I must admit that I initially turned my nose up at the prospect of reviewing a production starring The Grumbleweeds and X-Factor’s Chico, expecting it to be a bit of a Z-list celebrity affair. The taste of a large portion of humble pie is not a pleasant one, let me tell you, but I must swallow it nevertheless!

Aladdin is everything a good panto should be – frothy, frivolous fun – and this is largely due to Chico, who plays the title role. A natural extrovert, he throws himself wholeheartedly into delivering a performance that is so energetic and physically demanding that it must, surely, be powered by a plentiful supply of ‘the batteries with the copper coloured top.’

The Grumbleweeds – well, two of them anyway – step into the shoes of the Chinese policemen to provide much of the trademark slapstick. Robin Colvill, as Pc Wishee, and Graham Walker, as Pc Washee, are true masters of their art and delight the audience with a brilliant mix of comedy, music and impressions. Their instant rapport with the children in the audience is phenomenal, especially considering that none of the youngsters are old enough to remember them from their 1980s heyday.

Max Somerset is fantastic as the evil Abanazar, convincing the kids that he really is a sorcerer with his magic tricks and flame-throwing staff, whilst Bobby Bennett, a seasoned ‘dame’, treats us to a kind and cuddly Widow Twankey.

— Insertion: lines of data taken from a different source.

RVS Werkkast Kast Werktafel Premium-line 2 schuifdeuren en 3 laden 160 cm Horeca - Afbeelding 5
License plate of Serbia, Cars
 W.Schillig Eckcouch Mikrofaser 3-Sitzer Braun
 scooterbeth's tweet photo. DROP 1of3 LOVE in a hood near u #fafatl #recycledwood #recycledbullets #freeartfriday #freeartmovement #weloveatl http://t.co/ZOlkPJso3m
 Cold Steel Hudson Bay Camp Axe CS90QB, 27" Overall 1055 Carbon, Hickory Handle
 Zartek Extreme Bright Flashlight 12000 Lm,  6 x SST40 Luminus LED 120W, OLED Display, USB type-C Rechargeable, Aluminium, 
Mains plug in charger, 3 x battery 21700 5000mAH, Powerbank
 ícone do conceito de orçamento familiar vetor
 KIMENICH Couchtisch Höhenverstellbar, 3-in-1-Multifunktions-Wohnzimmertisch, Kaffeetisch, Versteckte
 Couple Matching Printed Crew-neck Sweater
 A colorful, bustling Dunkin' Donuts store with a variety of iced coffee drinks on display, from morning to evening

Sarah Brown is a quintessential Princess Jasmine and she shines brightest of all during her musical numbers, in which she proves that a petite princess can still produce a powerhouse performance.

There are some amazing circus acts within the production, encompassing juggling, plate-spinning and acrobatics. Yu Yin as So-Shy astonishes young and old alike with her incredible skill and dexterity – the act involving the Chinese parasols is absolutely breathtaking. Bubu Endresz, who doubles-up as The Emperor and The Genie of the Lamp, is equally as impressive.

The talented ensemble of six adds colour and movement to the musical numbers, whist performing Sarah St George’s slick and stylish choreography with precision and panache.

Director David Fleeshman ensures that the action crackles along at a pace that retains the attention of children with even the shortest of attention spans. The script, by Jon Conway, includes plenty of opportunity for audience participation and contains all the required elements to qualify this as a good old-fashioned traditional panto.

Indeed, this production of Aladdin enchants the audience with some real treasure of the Orient and has spirits soaring even higher than a magic carpet.